4.2.11 Standardisation Activities with European Standardisation Bodies
During 2017, the BDVA and the BDV PPP set up some foundations defining priorities for the PPP in Big Data standardisation implemented during 2018 as follows:
Establish an official liaison between the BDVA Standards Group and the AIOTI WG3; this activity was developed through different workshops during 2017 and implemented in 2018 with the signing of an MoU with AIOTI and common activities organised during the year.
Further develop the BDVA Reference Model pursuing alignment with others, such as oneM2M, BDE Platform, AIOTI and RAMI 4.0, implemented through different workshops organised during 2017 and 2018.
Open an official dialogue with CEN, CENELEC and ETSI on standards harmonisation, implemented through different workshops during 2017 and 2018. The BDVA intends to sign an MoU with CEN/CENELEC in 2019, and it is under discussion with ETSI.
Create the BDVA Roadmap for Big Data standards harmonisation and industry engagement in Global Big Data standards development.
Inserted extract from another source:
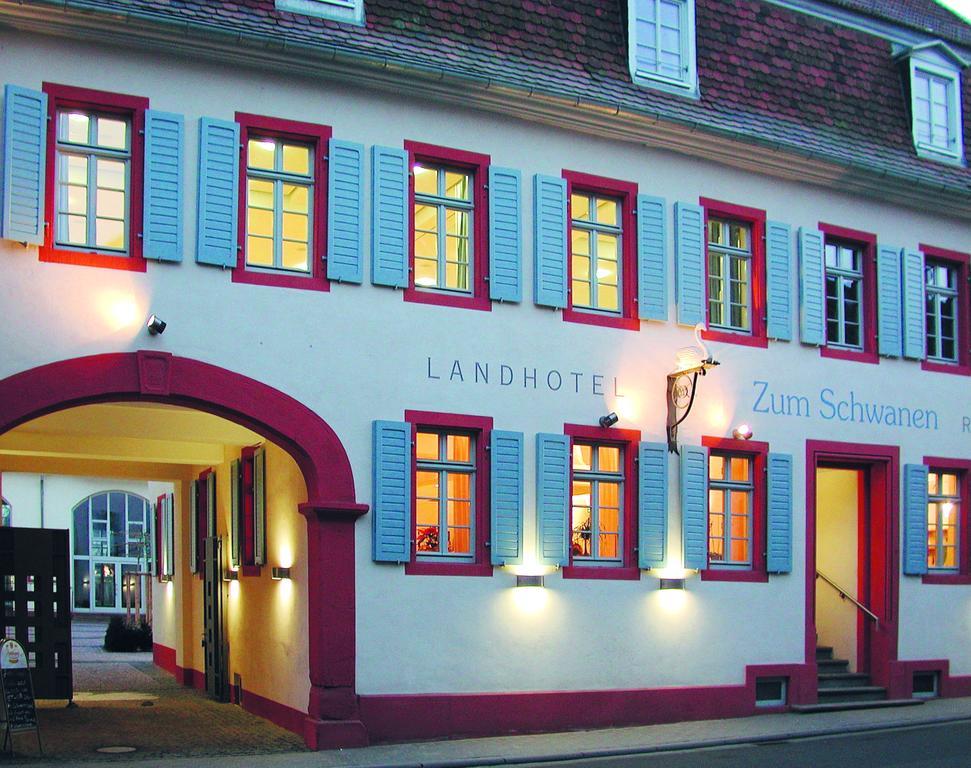 Landhotel Zum Schwanen Mit Restaurant Mona Liza Osthofen Екстер'єр фото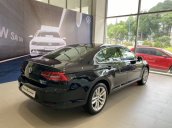 Bán Volkswagen Passat 2018, màu đen, nhập khẩu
Thirty per cent of the projects running in 2018 reported that they perform activities leading to data/Big data standardisation. Three projects reported contribution to European standardisation bodies (ESBs) activities and reported 11 working items in ESBs. Twenty per cent of BDVA members reported that their organisations perform activities leading to data/Big data standardisation. In particular, BDVA members have reported contributions to IEC, DIN DKE and other consensus-based standardisation bodies; OPC foundation and other consortia-based standardisation bodies; OASIS; W3C committees and community group discussions; open data harmonisation national activities; ISO/IEC JTC1; and defining standards in georeferenced data for geoscience (Open Geospatial Consortium (OGC) and Commission for the Management and Application of Geoscience Information (IUGS/CGI)) and ETSI.